Logical Plan

Spark queries begin with a logical plan, which represents the query as a high-level directed acyclic graph (DAG) of transformations (e.g., map, filter, groupBy). This plan describes what the query needs to compute but not how it will be executed. The Catalyst optimizer rewrites the logical plan to apply performance-enhancing optimizations, such as:

  • Predicate Pushdown: Reducing the amount of data processed by pushing filters closer to the data source.
  • Column Pruning: Selecting only the columns required by the query.

Physical Plan

After optimization, the logical plan is translated into one or more candidate physical plans that define how the query will be executed. A cost model evaluates these plans to select the one with the lowest execution cost. With adaptive query optimization (AQO), Spark refines the physical plan during execution by collecting runtime statistics (e.g., cardinality, partition sizes) to adjust operations dynamically and improve efficiency.

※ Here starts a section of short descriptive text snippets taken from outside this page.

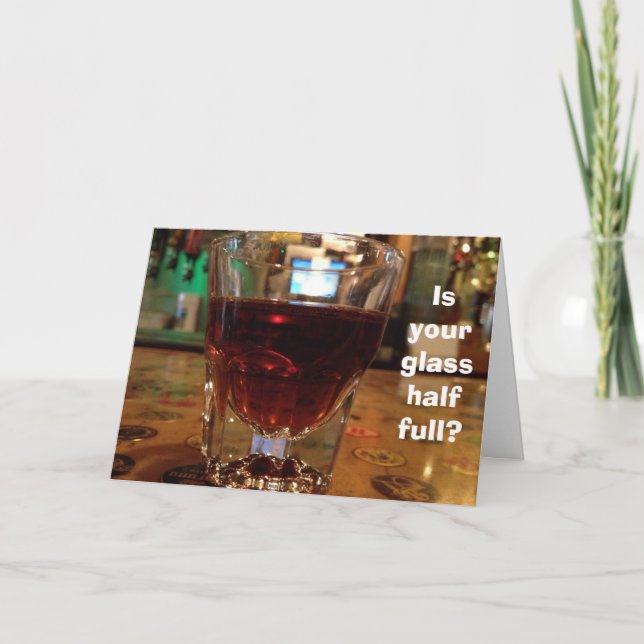 DIN BLANDADE DRYCKGLAS 1/2 FULLT FRIENDS BIRTHDAY KORT (Framsida)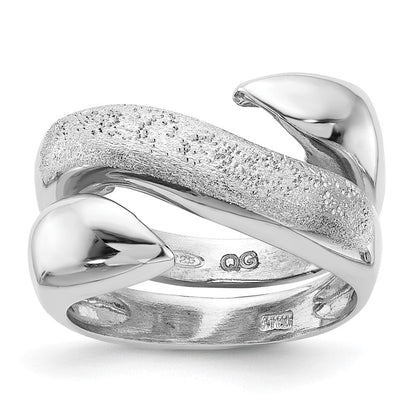 Sterlingsilber Rhodiniert Poliert und Strukturiert Wirbel Ring (size 6 Nur)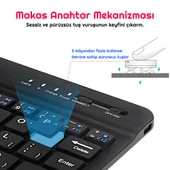 TriLine Mini Bluetooth Kablosuz Şarjlı Pilli Slim Rubber 7" Klavye 20x12 cm thumbnail 3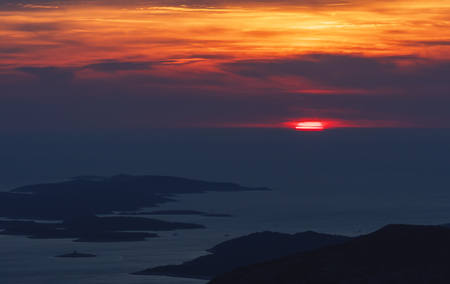 Beautiful view from the top of Sveti Nikola highest on the island of Hvar.の写真素材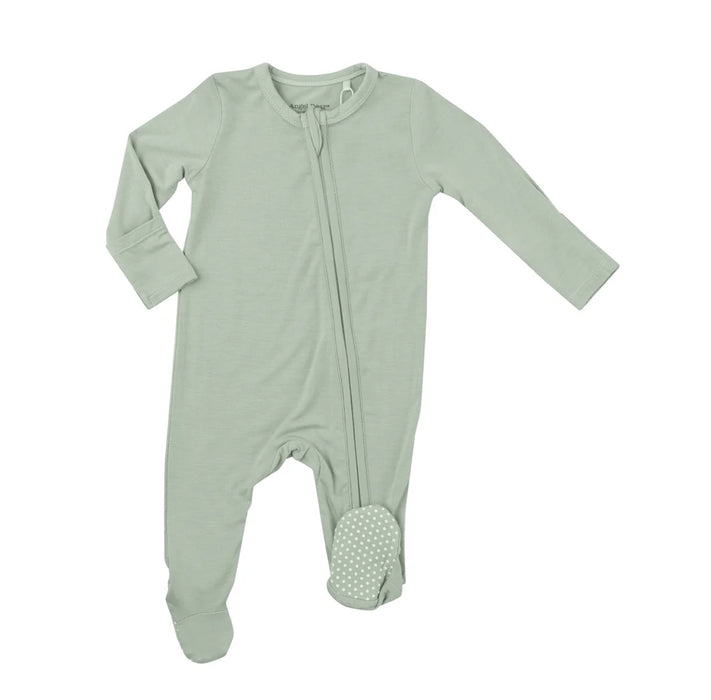 Angel Dear Seafoam Green 2 Way Zipper Footie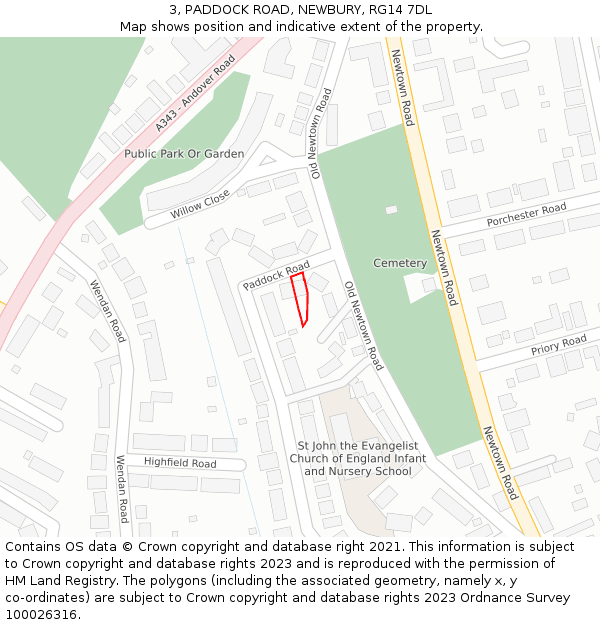3, PADDOCK ROAD, NEWBURY, RG14 7DL: Location map and indicative extent of plot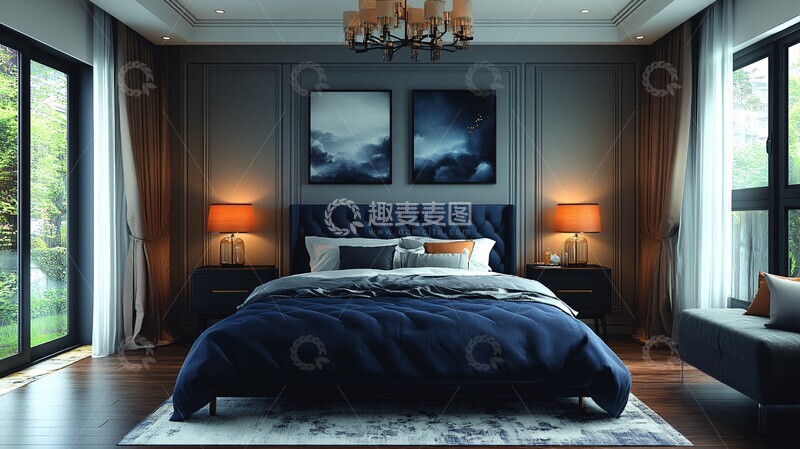 高清大图下载【趣麦麦图】蓝色床黑色床头柜1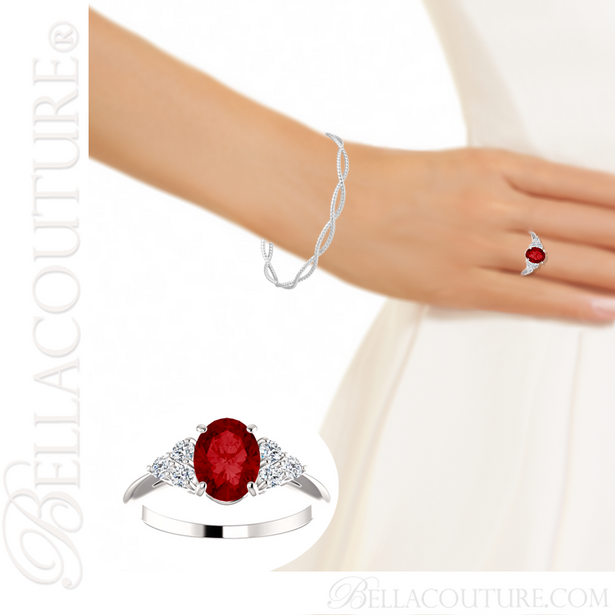 (NEW) BELLA COUTURE® FERRARI Fine Diamond Genuine Oval RUBY Gemstone 14K White Gold Ring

Query Stages and Distribution

Query Stages

The physical plan is divided into query stages, which are independent units of execution. These stages are separated by shuffle boundaries, points where data must be reorganized (e.g., for groupBy or join operations). Each stage can execute in parallel and represents a contiguous set of transformations that do not require inter-stage communication.

Task Distribution

Within a query stage, the data is partitioned, and each partition is processed by a separate task. A task is the smallest unit of execution in Spark and corresponds to one partition of a physical plan node (e.g., map, reduce). The Spark driver coordinates execution by assigning tasks to worker nodes (executors), which process the data in parallel.

Inter-Stage Communication

Shuffling and Results

When one stage depends on the results of another (e.g., after a shuffle boundary), intermediate results are materialized as partitioned data stored in memory or disk (e.g., shuffle files). Shuffling redistributes data across workers to align partitions for the next stage’s computations, ensuring correctness in operations like joins and aggregations.

Stateful Transformations

Batch Mode

Stateful transformations in batch mode (e.g., groupByKey, reduceByKey) require accumulating intermediate results for the same key. During execution:

  • Intermediate results are materialized in shuffle files to ensure they are accessible across query stages.
  • The state itself is ephemeral, existing only during the execution of the query.

Streaming Mode

In streaming mode, state persists across micro-batches to support incremental computation. For stateful transformations (e.g., windowed aggregations):

  • State is stored in an external state store (e.g., RocksDB, HDFS, S3).
  • Tasks interact with the state store using Spark’s StateStore API to:
    1. Read state (e.g., partial aggregates or window buffers).
    2. Update state with records from the current micro-batch.
    3. Persist updated state back to the state store for fault tolerance. Tasks themselves remain stateless, delegating state management to the execution engine, which ensures consistency and durability through the state store.